→ **DATA FOR THE TASK**:
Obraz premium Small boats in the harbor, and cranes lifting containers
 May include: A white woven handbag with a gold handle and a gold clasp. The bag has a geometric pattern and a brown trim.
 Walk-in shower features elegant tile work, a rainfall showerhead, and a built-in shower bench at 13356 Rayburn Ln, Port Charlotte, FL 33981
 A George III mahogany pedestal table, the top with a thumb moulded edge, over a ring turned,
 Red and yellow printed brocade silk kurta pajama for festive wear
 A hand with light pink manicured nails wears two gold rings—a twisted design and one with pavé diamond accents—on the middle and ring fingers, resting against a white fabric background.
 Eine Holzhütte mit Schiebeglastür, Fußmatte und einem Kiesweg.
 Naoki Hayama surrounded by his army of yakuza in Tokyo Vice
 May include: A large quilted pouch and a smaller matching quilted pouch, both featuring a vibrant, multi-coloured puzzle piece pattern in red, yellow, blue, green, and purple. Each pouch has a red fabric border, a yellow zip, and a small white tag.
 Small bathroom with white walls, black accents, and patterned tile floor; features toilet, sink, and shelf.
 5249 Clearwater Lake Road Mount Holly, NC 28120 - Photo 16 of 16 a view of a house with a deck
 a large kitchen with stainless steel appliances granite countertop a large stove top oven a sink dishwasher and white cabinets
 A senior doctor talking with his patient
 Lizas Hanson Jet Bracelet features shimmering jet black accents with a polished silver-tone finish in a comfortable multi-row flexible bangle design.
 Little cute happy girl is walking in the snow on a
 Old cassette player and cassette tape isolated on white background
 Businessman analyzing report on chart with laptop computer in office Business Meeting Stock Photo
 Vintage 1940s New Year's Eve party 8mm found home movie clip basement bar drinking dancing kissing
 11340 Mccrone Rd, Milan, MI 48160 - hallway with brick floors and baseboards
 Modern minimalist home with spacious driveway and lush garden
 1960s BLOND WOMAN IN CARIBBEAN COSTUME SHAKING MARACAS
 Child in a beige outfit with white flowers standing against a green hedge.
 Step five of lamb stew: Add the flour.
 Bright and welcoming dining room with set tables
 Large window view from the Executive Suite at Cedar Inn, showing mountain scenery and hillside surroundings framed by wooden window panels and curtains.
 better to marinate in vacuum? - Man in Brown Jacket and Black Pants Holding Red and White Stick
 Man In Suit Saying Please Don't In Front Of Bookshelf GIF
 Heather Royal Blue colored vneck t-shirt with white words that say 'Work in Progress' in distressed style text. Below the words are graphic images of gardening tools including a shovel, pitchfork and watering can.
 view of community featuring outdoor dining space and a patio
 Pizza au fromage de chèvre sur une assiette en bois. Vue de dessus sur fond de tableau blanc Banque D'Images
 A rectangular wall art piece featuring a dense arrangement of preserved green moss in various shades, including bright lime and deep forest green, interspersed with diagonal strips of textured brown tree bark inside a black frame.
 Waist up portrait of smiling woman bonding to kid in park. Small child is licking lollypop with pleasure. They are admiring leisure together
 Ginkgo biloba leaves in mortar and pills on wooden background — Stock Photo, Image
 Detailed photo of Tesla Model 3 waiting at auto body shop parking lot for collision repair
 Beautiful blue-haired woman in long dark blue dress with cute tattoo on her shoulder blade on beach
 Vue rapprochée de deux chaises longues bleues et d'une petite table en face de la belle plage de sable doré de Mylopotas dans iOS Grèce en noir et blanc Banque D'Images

→ **WHAT THE EXERCISE ASKS**:
Keep both end lines and retype everything in the records above from the line containing "Small bathroom with" through the line containing "Old cassette player", exactly, with nothing else.

→ **EXPECTED OUTPUT**:
 Small bathroom with white walls, black accents, and patterned tile floor; features toilet, sink, and shelf.
 5249 Clearwater Lake Road Mount Holly, NC 28120 - Photo 16 of 16 a view of a house with a deck
 a large kitchen with stainless steel appliances granite countertop a large stove top oven a sink dishwasher and white cabinets
 A senior doctor talking with his patient
 Lizas Hanson Jet Bracelet features shimmering jet black accents with a polished silver-tone finish in a comfortable multi-row flexible bangle design.
 Little cute happy girl is walking in the snow on a
 Old cassette player and cassette tape isolated on white background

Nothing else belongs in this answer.